KEYS TO EMOTIONAL HEALTH- PART 12

KEYS TO EMTIONAL HEALTH – PART 12

You are well on your journey towards living more, and along the way you have been exposed to many arenas of health and wellbeing.

However, the real challenge with adopting healthier behaviours and making sustainable changes—is keeping them.

This booklet is all about a crucial piece of the lifestyle medicine puzzle: emotional health.

STRESSED OUT

Stress is a natural human response to pressure when faced with challenging, and sometimes dangerous situations.1

A stress free life however, is not the goal!

Stress is helpful when it increases our ability to be alert, energised, switched on and resourceful in managing daily tasks.

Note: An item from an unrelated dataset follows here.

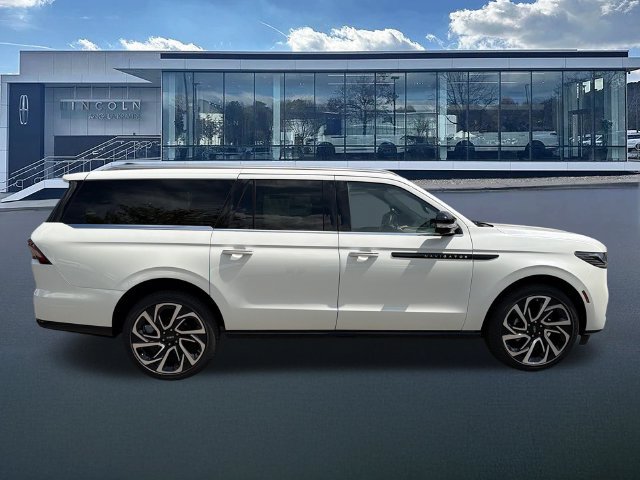 New 2027 Lincoln Navigator L Black Label AWD/4WD image 9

 Stress becomes detrimental when it leaves us feeling fatigued, tense, anxious, burnt out or overwhelmed.

Everyone has a different response threshold to stress, and sometimes our thresholds can vary depending on what’s happening in our lives. When stress is unusually prolonged or repetitive, it becomes a potential threat to health.2

This is known as distress.

In 2011-12, 70.1% of Australians aged 18 years and over experienced a low level of psychological distress.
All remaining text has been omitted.